START Record set
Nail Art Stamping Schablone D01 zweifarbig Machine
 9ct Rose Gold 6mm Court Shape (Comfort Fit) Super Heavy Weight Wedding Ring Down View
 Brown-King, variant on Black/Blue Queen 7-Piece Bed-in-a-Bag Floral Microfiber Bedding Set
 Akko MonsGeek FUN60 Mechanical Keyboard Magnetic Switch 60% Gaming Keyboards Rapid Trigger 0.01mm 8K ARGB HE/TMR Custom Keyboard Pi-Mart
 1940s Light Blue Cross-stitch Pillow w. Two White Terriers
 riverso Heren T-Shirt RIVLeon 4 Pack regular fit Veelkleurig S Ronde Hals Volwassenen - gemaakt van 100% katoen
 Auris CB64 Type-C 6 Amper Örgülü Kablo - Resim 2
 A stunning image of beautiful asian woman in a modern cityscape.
END Record set
### Exercise instructions
Write out again, exactly, the line containing "Akko MonsGeek FUN60" and every later line of the records. Omit the rest.

### Solution to the exercise
 Akko MonsGeek FUN60 Mechanical Keyboard Magnetic Switch 60% Gaming Keyboards Rapid Trigger 0.01mm 8K ARGB HE/TMR Custom Keyboard Pi-Mart
 1940s Light Blue Cross-stitch Pillow w. Two White Terriers
 riverso Heren T-Shirt RIVLeon 4 Pack regular fit Veelkleurig S Ronde Hals Volwassenen - gemaakt van 100% katoen
 Auris CB64 Type-C 6 Amper Örgülü Kablo - Resim 2
 A stunning image of beautiful asian woman in a modern cityscape.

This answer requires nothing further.